本展の出展作品を所蔵するライデン国立古代博物館はヨーロッパにおける5大エジプト・コレクションの1つとして知られ、200年以上の長きにわたり調査、研究を進めてきました。本展は18世紀から近年のCTスキャンなどの最新技術を駆使した研究プロジェクトに至るまでのエジプト学の流れを展観する構成となっています。

ギザの大スフィンクス

1698年『コルネリス・ドゥ・ブラウンの旅』
ミイラのCTスキャンの様子
2019年

しき霊魂住処

本展は前述のとおり博物的な『古代エジプト展』であるとともに、現代人の美意識に訴える見目麗しい作品に満ちた展覧会でもあります。
特に注目すべき見所は装飾美あふれる何点もの棺類の競演です。

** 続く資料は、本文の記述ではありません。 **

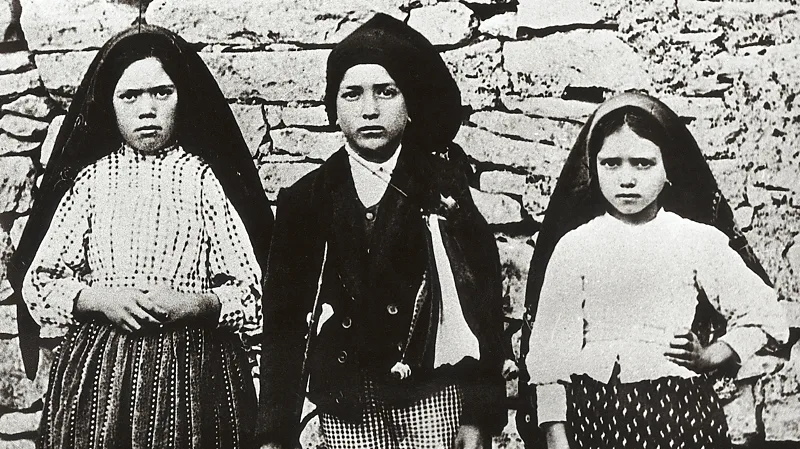 The Fátima Prophecies and the “Miracle of the Sun” That Shaped Cold War Beliefs Three Children Claimed They Saw a Divine Vision in Portugal In May 1917, three young shepherd children from Fátima, Portugal, claimed they witnessed an apparition of the Virgin Mary while tending sheep in a field. The children, Lucia dos Santos and her cousins Francisco and Jacinta Marta, said the glowing figure appeared near an oak tree and instructed them to return on the 13th day of each month for the next five months. Their story quickly spread across Portugal and attracted thousands of believers. Over time, the reported visions became one of the most discussed religious events of the 20th century. Many people believed the messages contained warnings about war, faith, and the future of Russia under communism. The “Miracle of the Sun” Drew Thousands of Witnesses On 13 October 1917, a massive crowd gathered in Fátima to witness the final predicted appearance. Many people later claimed they saw extraordinary events in the sky. Witnesses described the Sun changing colors, spinning rapidly, and moving like a wheel of fire. Some also reported seeing flower-like shapes falling from the sky. Others believed people with illnesses were suddenly healed during the event. One witness recalled that the Sun appeared to spin faster and faster before returning to its normal position. While many people considered it a miracle, others suggested it may have been a natural atmospheric event or a case of mass psychological influence. Despite the debate, the event left a strong emotional impact on those who attended. Fear, faith, and wonder spread through the crowd as people tried to understand what they had seen. The Three Secrets of Fátima The children claimed they received three important revelations during the apparitions. These became known as the “Three Secrets of Fátima.” The first secret reportedly included a vision of Hell and warnings about future suffering and war. Many believers later connected it to the outbreak of World War II. The second prophecy focused on Russia. According to the message, devotion and prayer could eventually save Russia from communism. Because the message emerged shortly before the Russian Revolution, it later gained major attention during the Cold War. The third secret remained hidden inside the Vatican archives for decades. Its secrecy created worldwide speculation and increased global interest in Fátima. Many people believed it predicted major political and religious events of the 20th century. How Fátima Became Linked to Anti Communist Beliefs As communism spread across Eastern Europe and the Soviet Union grew stronger, the Fátima prophecies became closely tied to anti communist movements. Religious groups viewed the messages as spiritual warnings against atheism and Soviet ideology. Although the Catholic Church initially reacted cautiously to the reports, it officially approved devotion connected to Fátima in 1930. From that point forward, the site became one of the world’s most visited religious pilgrimage destinations. Today, the story of Fátima continues to spark debate between believers, historians, and scientists. Some see it as a powerful spiritual event, while others view it as a historical mystery shaped by faith and human emotion.
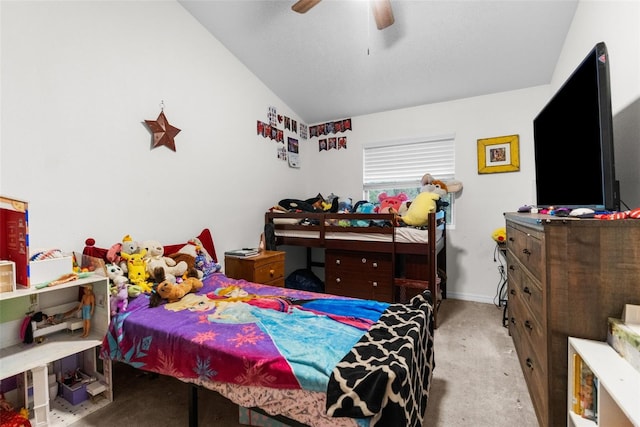 carpeted bedroom featuring ceiling fan and vaulted ceiling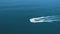 Aerial view of boat speeding over the sea leaving a trail of white foam in its wake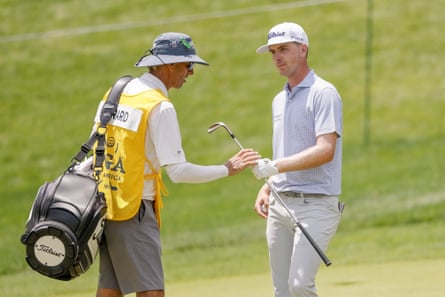 Ryan Gerard, of the US, hands his wedge to his caddie Steven Hale after an eagle on the 15th.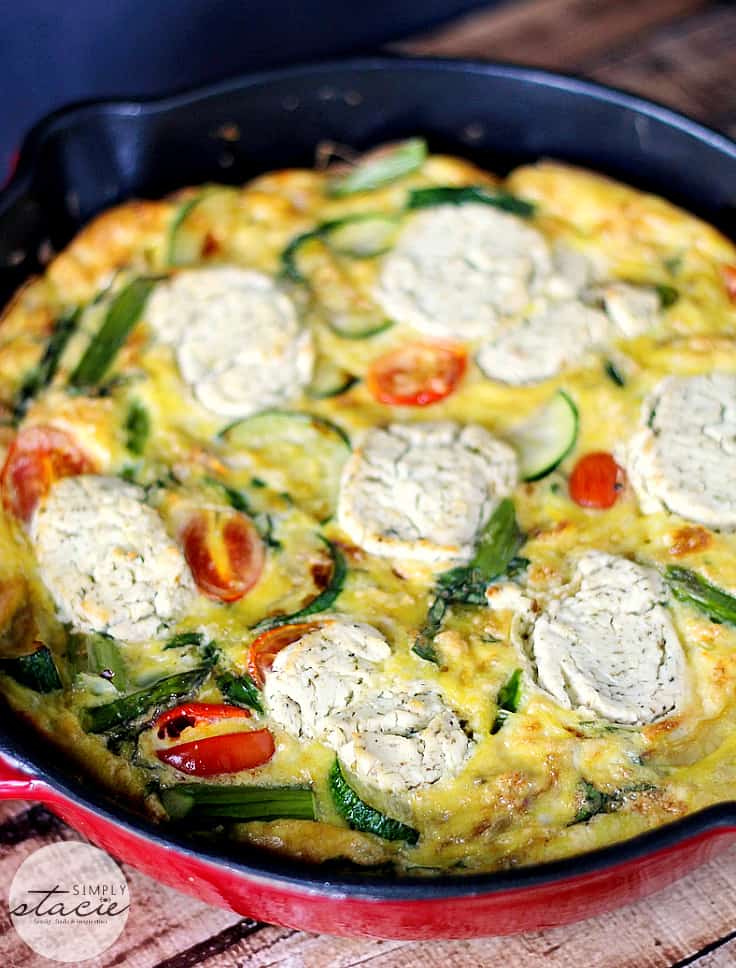 Spring Vegetable & Goat Cheese Frittata - Loaded with the fresh flavours of spring, featuring asparagus, zucchini, tomatoes and the creamy tang of goat cheese, this frittata is very versatile. It can be served warm or at room temperature and is a great breakfast, lunch, or paired with salad, and quick, light dinner option.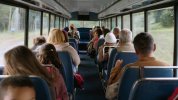 Default_A_bus_full_of_passengers_parents_seen_from_the_back_se_0.jpg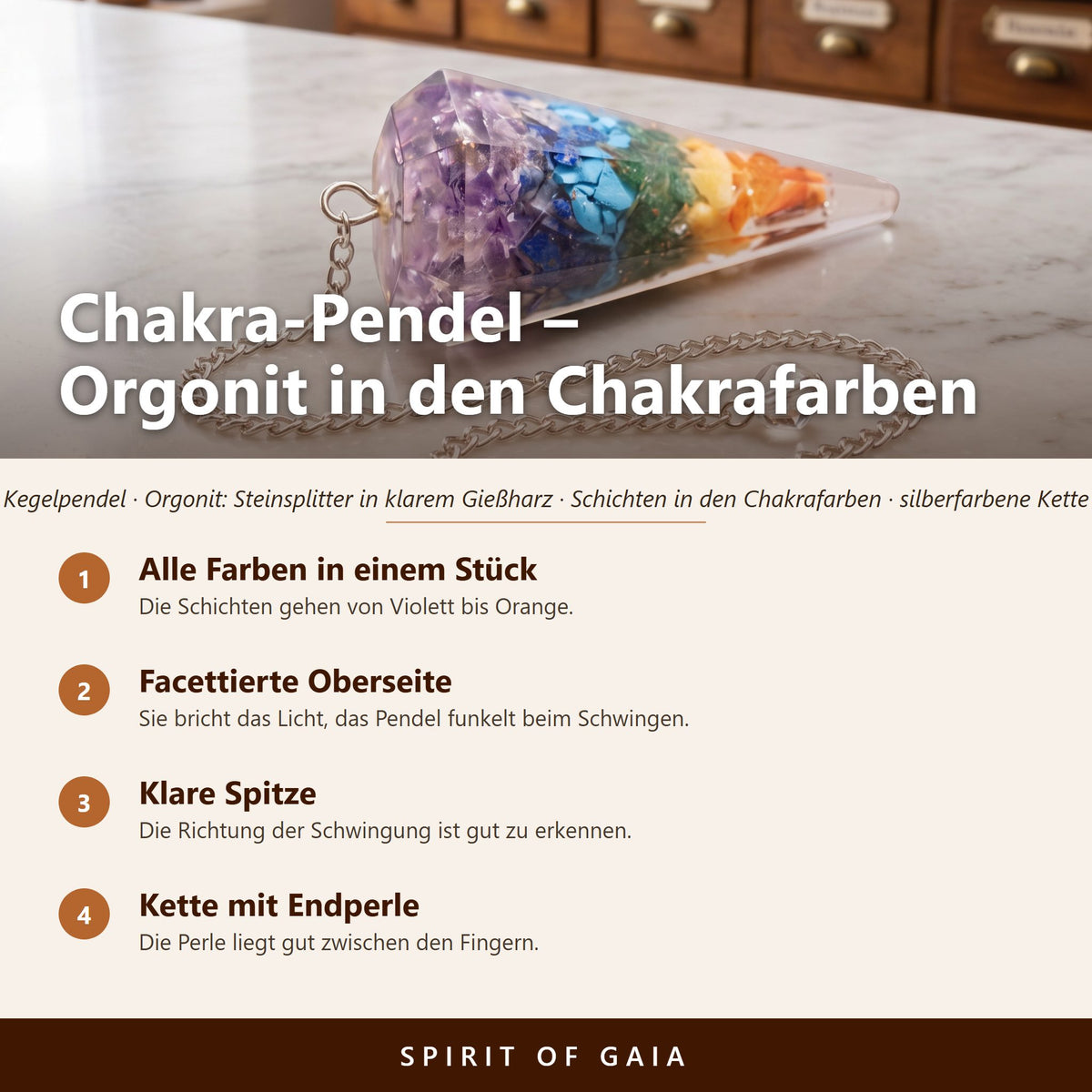 Übersicht zum Chakra-Pendel aus Orgonit: alle Farben in einem Stück, facettierte Oberseite, klare Spitze, Kette mit Endperle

古代エジプトでは死後の人体から霊魂(カァとバァ)が一度は離れるものの埋葬後の肉体と結合し、死後の世界で生き続けるとされました。死体は神官たちによって内臓が取り除かれ、乾燥後に防腐処置が施されてミイラとなり、総計何百メートルもの亜麻布で丁寧に包まれ、魔除けのお守りが装着された後に棺に納められました。棺はミイラを野生動物や墓荒らしから守るためのものでしたが、当時の人々には死者の霊魂が戻ってくる住処として認識されていました。
もともとはシンプルな箱型の直方体でしたが、紀元前1980年頃の中王国時代より人形棺が作成され、また防護力を強化すべく二重になり、紀元前1539-1077年頃の新王国時代には内側と外側の二重構造を持つ人形棺が一般的なスタイルとなりました。加えて「ミイラマスク」や「ミイラ覆い(カバー)」が更なる保護のため内棺に納められたミイラの上に直接に被せられました。これらのミイラマスクや棺には、霊魂が戻って来た時に正しい肉体を見分けることができるよう死者の理想化された顔が描かれており、観る者を古代エジプトの世界にいざないます。

アメンヘテプの内棺

第3中間期、第21王朝(前1076-944年頃)
テーベ

必見!アメンヘテプのミイラカバー

棺や覆いの表面には余すところなく装飾が施されていますが、それらは死者のための呪文や宗教的なシンボルです。本展に出展される神官・アメンヘテプのミイラ覆いに描かれた図像にも、奥深いメッセージが込められています。
首の周りから肩とウエスト部分に至るまでを覆い尽くすのは精巧なエジプト睡蓮の花弁の襟飾りです。睡蓮は太陽神の聖花であり、再生と復活の象徴でした。また襟飾りの端にあたる肩の部分にはハヤブサの頭が描かれています。ハヤブサは神聖な動物であり、冥界の支配者であるオシリス神の下に死者を案内する役目を担うホルス神を表します。
アメンヘテプの両手首の交差した部分の上下には太陽神と同一視された創造のシンボル、甲虫スカラベが配されています。しかし最も目を引くのは左右の幅いっぱいに羽を広げた女神ヌウトの図像でしょう。女神ヌウトは生命と支配を象徴する天空の女神であり、その翼で死者を包んで保護すると信じられました。さらに下半身部分にはヒエログリフで死後の世界に生きる死者を守護するための呪文がびっしりと書き込まれています。見入っていると私たちもいつの間にか死後の世界に紛れ込んでしまうかもしれません。

アメンヘテプのミイラ覆い

第3中間期、第21王朝(前1076-944年頃)
テーベ

アメンヘテプのミイラ覆い(部分・胸部)

第3中間期、第21王朝(前1076-944年頃)
テーベ

アメンヘテプのミイラ覆い(部分・腹部)

第3中間期、第21王朝(前1076-944年頃)
テーベ

アメンヘテプの内棺(部分・側面)

第3中間期、第21王朝(前1076-944年頃)
テーベ

日本ではしい展示方法

本展ではライデン国立古代博物館の常設エジプト・ギャラリーにならい、多くの棺や覆いを平置きではなく立てた状態で展示します。日本では珍しい展示方法ですが、このように展示される棺は木材で作られた非常に状態の良いものに限られます。棺の材質としては他にカルトナージュという亜麻布やパピルス、にかわ、漆喰を重ね合わせた張り子材がありますが、重用されたのはその費用の安さからです。ナイルの河岸以外はほぼ砂漠地帯のエジプトに大木は少なく、それゆえ木材は貴重品で、棺にも複数の部材を組み合わせて使用しました。
希少な木材が多用されていることからも、古代エジプト人の棺に対する、ひいては死後の世界に対する思いの丈をうかがい知ることができます。棺に代表される古代エジプト人の英知や技巧が結集した美しい遺物の数々を、ぜひ本展にてご堪能ください。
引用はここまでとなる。